If anything, even as it augmented and then replaced trains and trolleys as the main method of commuting, the automobile killed the traditional downtown commute much as it killed the traditional downtown. No longer tied to the rail hubs, factories and offices fled from downtowns, chasing after the commuters who moved away in the first place until the commute from suburb to suburb increasingly supplanted the old commute from the suburbs to downtown. West Knoxville is a prime example. Traffic in the area is fueled not just by people driving in from all over the region, but by the thousands of people who both live and work on the west side of town.
But in these days of telecommuting and the all-pervasive Internet, even that daily drive to the workplace, whether in the ’burbs or in a big building downtown, is disappearing from more and more people’s lives. Technology has made it far easier for many office workers to work from a home office, leading writers like Reynolds to compare the transformation to the pre-Industrial Revolution days of “Cottage Industry,” when “artisans worked in or alongside their homes.”

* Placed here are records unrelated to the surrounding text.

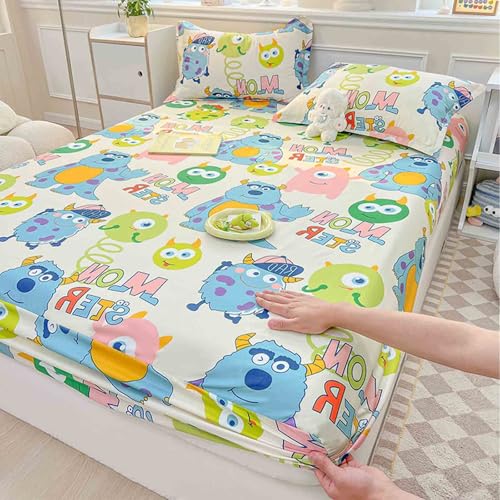 YSZBD Spannbetttuch Bettlaken Baumwolle Spannbettlaken 90x200cm SpannbetttüCher Fitted Sheet Cotton GrößE Und Farbe WäHlbar(#5,120x200cm) von YSZBD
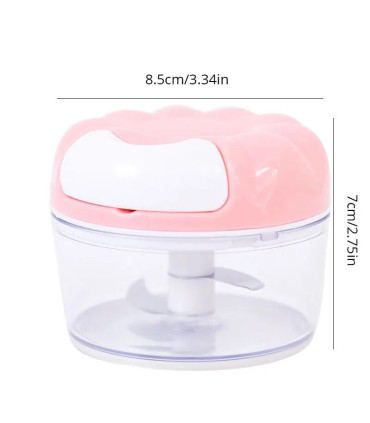 [1PCS] 1pc bleu/rose manuel ail masher main tirer cuisine ménage Type ail mélangeur braisé ail 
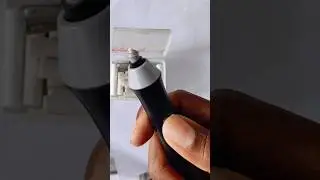 brustro electric eraser refills / how to load refill for electric eraser #shorts #art#drawing#eraser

Prevailing ideas regarding mass transit, however, aren’t the only thing out of sync with the rapidly evolving nature of work in the real world. Modern American suburbia also has its roots in the Industrial Revolution. Not just in its initial impetus, fleeing the pollution of factory scale production and the crowding created by its armies of workers, but also in its form.
At their most basic level, separation of use is the concept underpinning most modern zoning codes, including Knoxville’s and Knox County’s. The idea, that homes should be sheltered from the ill effects of industry and commerce, can be traced back to the urban reformers of the City Beautiful Movement, an early 20th-century attempt to undo the worst excesses of the previous half-century of havoc wrought by runaway industrialization. It also, inadvertently, enshrined in law the transformation that industry began. Before the Industrial Revolution rounded up workers and herded them into factories, the home was “the traditional place for most kinds of work,” as Reynolds observes.
I’m not suggesting some wannabe Andrew Carnegie fire up a blast furnace on a cul-de-sac near you, but if we should adapt our ideas about commuting to the new (and in many ways old) reality, why not our ideas about how we live as well? If we are moving toward a world where life and work are increasingly intertwined, shouldn’t that be reflected in the way that we build? In fact the transformation is already underway, if the new Northshore Town Center currently under construction in West Knoxville is any indication.
Mixed-use, walkable communities that are as much akin to the villages of the pre-industrial era as they are to factory towns are making a comeback. And if energy prices continue to climb, I think the trend will accelerate. Plus, as more people make their home office their only office and perhaps run afoul of the busybodies in their subdivision’s homeowner’s association, it’s only a matter of time before the pressure to rewrite the zoning codes to reflect the new reality increases, too.